Learner Reflection & Practice

Orientation tools provide a way to assess, describe, and plan for the physical aspect of our communication.

What are some common configurations that occur naturally because of the architectural constructs we move around or through? For instance, Full Front at the fast food counter, or Profile on the streetcar. What are some more nuanced situations that seem to invite a default physical orientation?

For instance, Quarter Turn in a circle of friends, Full Back standing in line, or Full Front for formal greetings. Sitting or standing in front of a device camera invites Full Front, but now you know you have additional options of orientation even in front of a screen.

Observe the use of Line Focus in yourself and others. Reflect upon the circumstances or people that influence your Line Focus and the Line Focus of those around you. If you are a person that does not use your body to communicate or respond, try to employ a deliberate Line Focus pattern. For instance, you might want to draw focus with Full Front or connect with someone in a Quarter Turn.

What orientations do you default to most during your day? Observe when and why you shift orientations purposefully or subconsciously. Is it the circumstances, the people, your confidence level, or that you have a specific intention? If you are a person that naturally uses line focus in a reactionary fashion, always shifting toward people or activity, begin to observe what is causing your line focus to shift.

Do you think Physical Orientation can influence how you are perceived? What about how you perceive others?

Through your observations you will soon recognize that at times the impressions gathered from Physical Orientation and Frame and Stance transmit more meaning than what is spoken.

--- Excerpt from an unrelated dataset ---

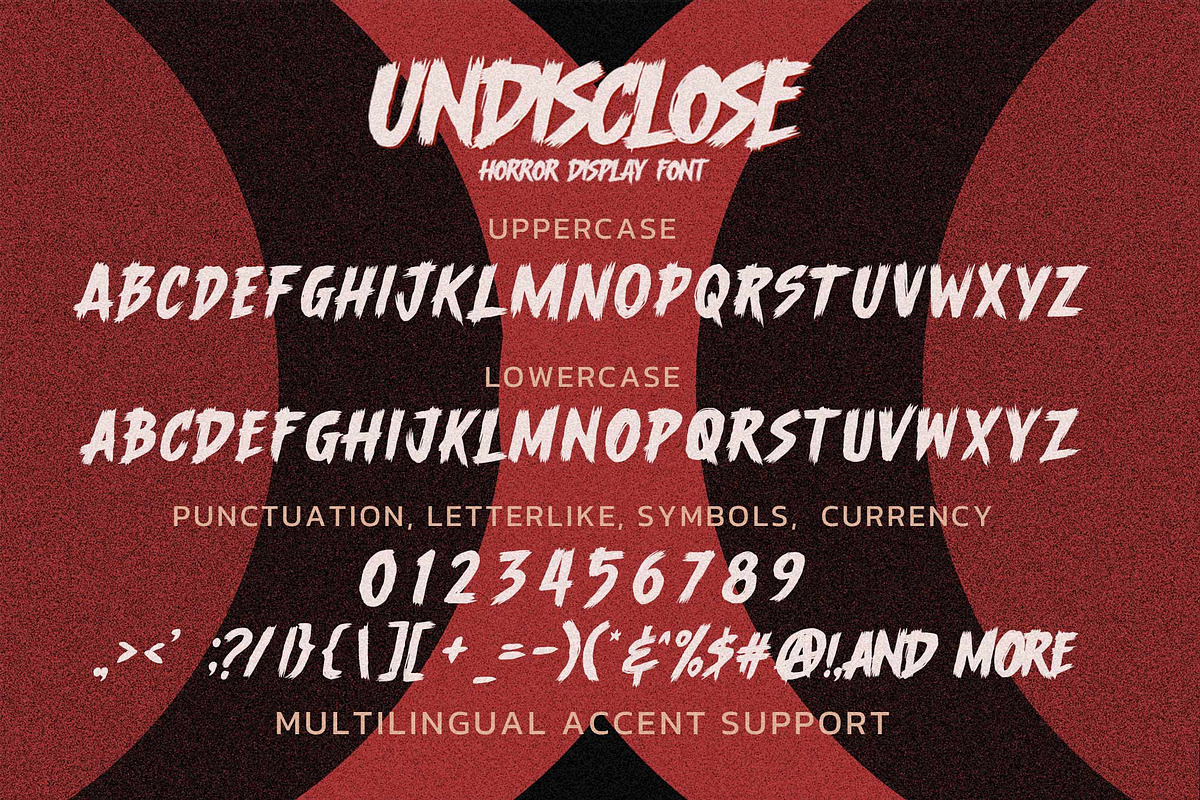 UNDISCLOSE - Horror Display Font, a Font by Gassstype (Photo 6 of 8)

The strategic employment of these tools can also mitigate the exposure of your Emotional Center. Physical Orientation naturally builds upon the concepts of Line Focus and the Emotional Center.

Think of stressful or difficult in-person communications. What orientation can you employ that redirects your Emotional Center?

Redirecting your Emotional Center with purposeful Physical Orientation provides you agency in adapting to intimidating and difficult situations and supplies relief to your feeling without sacrificing full engagement in an interaction.

As an exercise to gain control over interruptive feelings or nerves and regain agency over thoughts and audience connection, turn your Line Focus a few degrees away from your communication partner.

Many people default to Full Front orientation for presentations or formal interactions in front of a group or large audience. Practice your presentation or discussion points laid out in Quarter Turn and then the same or similar content in Full Front or Profile, or vary positioning from one to the other as you communicate different content or ideas.

When you purposefully engage in changing orientations observe your communication partners and notice if they also shift or counter you physically.   

Don’t forget the Ready Position. You can layer Physical Orientation on top of your practice and use of the Ready Position.